A TELEPHONE CALL FOR GENEVIEVE SNOW is used with permission from Peter Long. Learn more at peterlongdesig....
Genevieve Snow is a proper, modest young woman who teaches piano at a school, where she resides with other proper, modest young women. They are supervised -- or perhaps guarded -- by a stern, irascible older headmistress, who even rules over the school phone. Within this stultifying environment, Genevieve wilts in an unsatisfying life, a spinster looking down the barrel of a lonely existence.
One day, Genevieve is spotted by a man named Nigel driving past the school, who hears her summoned over the intercom. He decides to call her, and they have a conversation that is strange, intriguing and sinister. Intrigued, she continues her telephone correspondence with mysterious Nigel, which becomes stranger and more oddly seductive with each contact. When he finally reveals his ultimate secret, their mutual attraction may lead to fatal consequences.
Written and directed by Peter Long, this moody, surreal short drama achieves an intriguingly sinister and hypnotic spell, much like the same one exerted by the enigmatic caller that captivates the mousy, lonely titular character.
Nigel's spell over Genevieve is cast by the almost narcotic cadence of his language and suggestive, insinuating thoughts, and the craftsmanship also achieves a similar opiate-like quality through its singular dialogue and darkly beguiling imagery, rendered in beautifully gloomy black-and-white cinematography.

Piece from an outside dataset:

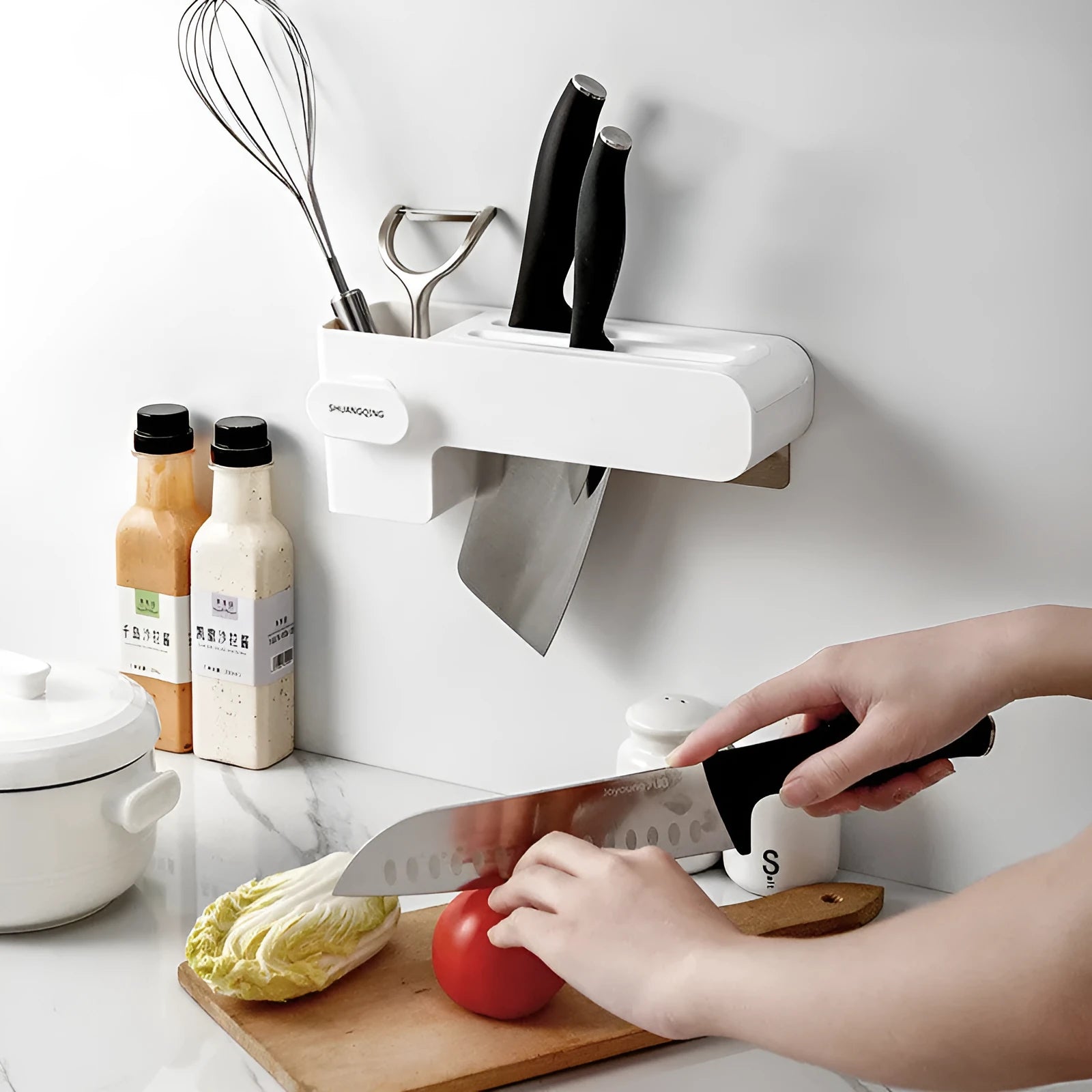 White plastic kitchen knife rack on countertop with dimensions 26 cm height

The storytelling takes its time establishing its rules of engagement for the audience, slowly constructing Genevieve's uniquely cloistered, stultifying world and her sense of isolation. The visuals are reminiscent of Fellini with their luminous use of black and white and their mix of the darkly fantastical, and like Fellini, the film has a dreamlike feel. The strange phone calls Genevieve begins receiving from Nigel, however, hint at a bigger, more peculiar world for her, full of strange fixations and appetites that are off-putting. But in such a circumscribed world, Nigel's attention is also flattering. Actor Beth Buchanan captures with delicacy and understatement how Genevieve falls under Nigel's spell, and her arc also guides the narrative shift into a strange, odd love story -- one that will transport Genevieve outside of her milieu, with grisly consequences.
Released in 2000 and the winner of the Silver Lion for Best Short Film at Venice that year, A TELEPHONE CALL FOR GENEVIEVE SNOW has an elongation of rhythm and narrative that feels classic and almost old-fashioned -- a style before digitized filming and editing made the lightning-paced, effects-laden style we're now used to possible, perhaps. But that more languorous, sensuous rhythm is part of the spell cast by this retelling of the Red Riding Hood fairy tale. It explores the classic allure of darkness and deviance, a set of impulses that have always bedeviled humanity throughout its recorded history. In a world so limited by social convention and expectations, such impulses seem to persist through the crack of civilized society and pull at us with their siren call.